Those who can help

In an emergency, or you need help, the Police will ensure the immediate safety of children. If a child is considered to be at risk, attending Police will liaise directly with the Children, Young Persons and Their Families Service, who will decide what action to take. If you are a woman who is in an abusive relationship, you can contact the Women’s Refuge. You do not have to leave home and go to a refuge to receive support for yourself and your children, though it might be appropriate in serious cases.

Who can help you?

Information and practical assistance is available from the workers on the end of the telephone. If you are not coping and you feel you can not look after your children as well as you should, talk to someone, anyone, and ask for help. It can be a friend, relative, neighbour – preferably someone you trust.

Call one of the numbers listed here and discuss your problems with someone who will listen. If you need help with the children, consider getting someone in from an organisation such as Barnardos, which offers home help for a small fee. The investment might be well worth it for the relief it can bring. Don’t let your situation get to the point where you will hit or otherwise abuse your children – it is not their fault. Contact list Many local personal help services are listed in the front of your telephone book.

Others are listed under Community Services or Welfare Organisations in the Yellow Pages. Several agencies have national freephone telephone numbers so parents can receive free advice. New Zealanders are well served by an array of people and agencies willing to help those in need. These groups can usually be found in the Personal Help Services section at the front of your phone book, through doctors and other health professionals, church social services, word-of-mouth social contacts, and agencies such as your local Citizens Advice Bureau. The following details some of the more prominent ones.

Women’s Refuge

www.womensrefuge.org.nz

New Zealand has refuges throughout the country providing safe houses for thousands of women and their children annually. Most refuges can be found listed in the phonebook, or may be contacted through the Police or a citizens advice bureau. Nearly all have a crisis phone line.

Many refuges exist solely for Maori women; others are for Pacific Island or Asian women. Refuges provide a warm and safe place for women and children in need so they can start their lives over again. Some women stay for a night, others for several months while they decide what to do. They also provide a listening ear and advice if you need to talk to someone, and can help if you wish to stay in your home or your relationship.

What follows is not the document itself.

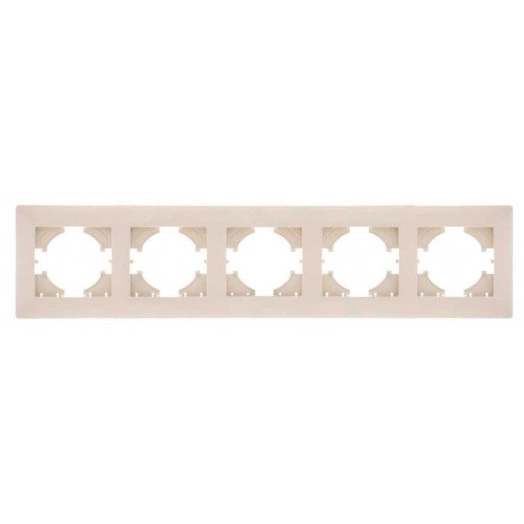 Рамка 5-м Bravo беж. GUSI С1050-003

Every refuge provides 24-hours-a-day support, information and safe accommodation. Most have a 24-hour telephone counselling service. Refuges also recognise that abuse occurs in lesbian relationships, and has appropriate counselling and support services. Once you are safe in a refuge, the next most important step is counselling. It is critical for all members of the family – both partners and the children. If you have an abusive partner, you need counselling:

  • to have a safe place to talk through your problems and make decisions;
  • to learn to feel good about yourself;
  • to learn how not to lean on your partner for support t they’re not giving to you anyway;
  • to learn how to command respect so that neither your partner nor anyone else feels they will get away with mistreating you.

Women’s refuges put women in touch with lawyers, doctors, counsellors and other appropriate community groups working in family violence. For women dealing with the Police and courts, support and advocacy is offered. Help with finding alternative housing is provided for women and children unable to return to their home.

Citizens Advice Bureau

www.cab.org.nz

The Association of Citizens Advice Bureau is an independent community organisation whose member bureau and specialist services around New Zealand provide information, advice, advocacy and support to individuals. They can call on an extensive database of information and local support. Services are free, impartial and confidential. Bureau have a comprehensive and regularly updated referral database and information resources to help volunteers provide the best advice. The bureau;

  • give advice about your rights;
  • give referrals and contacts for local help agencies;
  • provide information and help in getting protection orders;
  • provide information about emergency accommodation;
  • give confidential support to talk things over and look at various options;
  • find free legal advice, or refer to a local lawyer;
  • provide other information, such as welfare benefits, housing, budgeting.

Relationship Services

www.relationships.org.nz

Relationship Services works with people to change their relationship for the better through counselling. It works on the premise that only you can make the necessary changes and only if you have a will to make the change. Relationship Services will:

  • Make the safety of you and your children the priority. Your counsellor knows about support services and legal help for you.
  • See you alone so you can work out what you want to do.
  • Help you to understand how violence is used to maintain power and control.
  • Respect your feelings and help you build up your self-confidence.
  • Help you separate from your partner, if that’s what you want. You decide whether you will do this in separate or joint counselling sessions.
  • Help you to deal with the hassles and pain of separation and talk about how that is affecting your children.
  • Help you and your partner work at reconciliation if that’s what you decide.